Sob o rótulo “homenagem ao cinema do passado”, O Artista e Hugo escondem pertinentes reflexões sobre a importância da arte – e até mesmo a imortalidade de uma delas, o cinema.
Quer dizer, escondem para alguns bobocas infantilizados que insistem em simplificar esses filmes e a safra cinematográfica do ano passado – ao contrário do que afirmam por aí, o Oscar deste ano está bem forte e digno.
Hugo, essa obra-prima de Martin Scorsese, tem um dos prólogos mais interessantes dos últimos anos. As primeiras imagens nos remetem a uma espécie de “chegada da câmera à estação”. Com um 3D orgânico (veja como nos sentimos intimidados por Sacha Baron Cohen quando ele pressiona o garoto e seu rosto quase cola com o nosso) e uma gigantesca profundidade de campo (algo que Scorsese adora), temos ali uma releitura do primeiro filme da história, dos irmãos Lumière, e uma genial apresentação de personagens, cada um com sua ação e peculiaridade.

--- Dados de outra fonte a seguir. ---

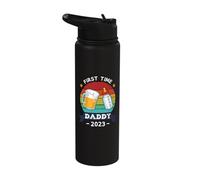 First Time Daddy 2023 Funny First Time Dad Pregnancy Reveal Stainless Steel Insulated Water Bottle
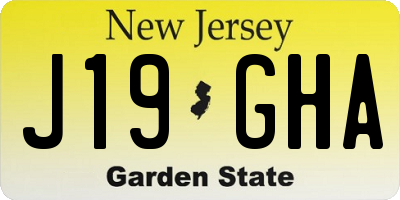 NJ license plate J19GHA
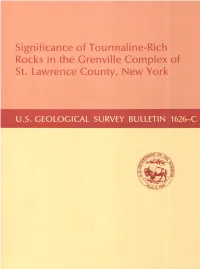 Significance of Tourmaline-Rich Rocks in the Grenville Complex of St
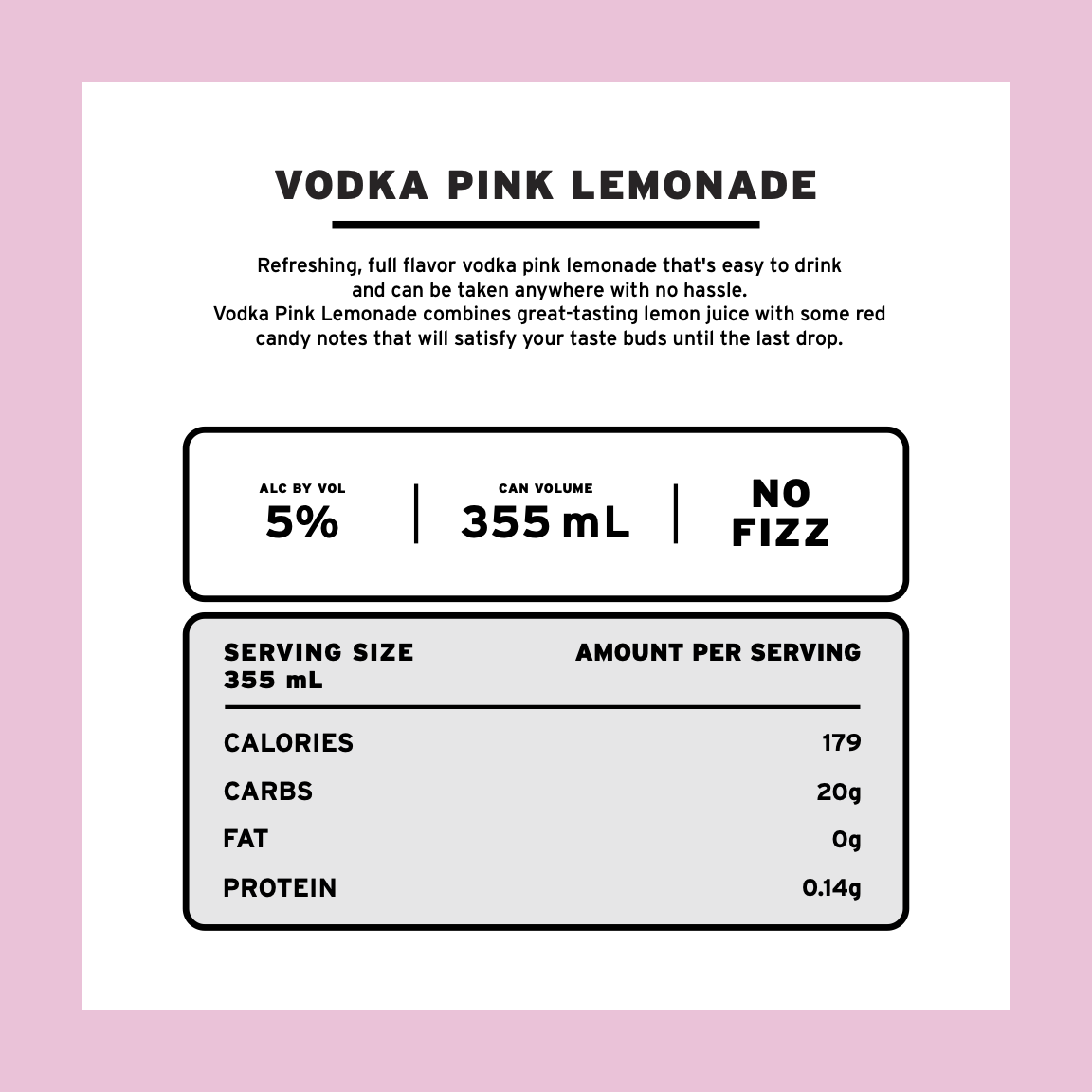 vodka pink lemonade nutrition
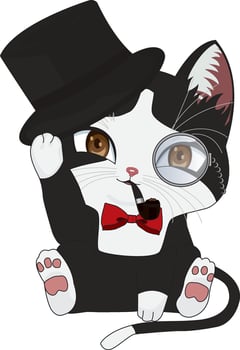 Mister Gentleman Cat With Hat And Monocle vector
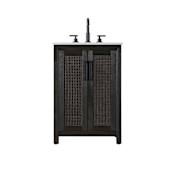 Elegant Lighting Alina 24" Free Standing Single Basin Vanity Set with Cabinet and Engineered Stone Vanity Top Chocolate Oak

Na superfície de Hugo, observamos a trajetória de um órfão, de um cineasta desiludido e do próprio cinema. Os três precisam encontrar o propósito de suas vidas: o menino tem que descobrir como seguir seu rumo depois da morte do pai; George deve se reinventar após perder seu sucesso; e o cinema precisa buscar soluções para entreter um mundo em crise, pós Primeira Guerra Mundial.
Tudo isso enquanto o tempo não pára. É uma corrida, sem dúvida, inventada pelo homem desde o instante em que ele resolveu fracionar sua existência.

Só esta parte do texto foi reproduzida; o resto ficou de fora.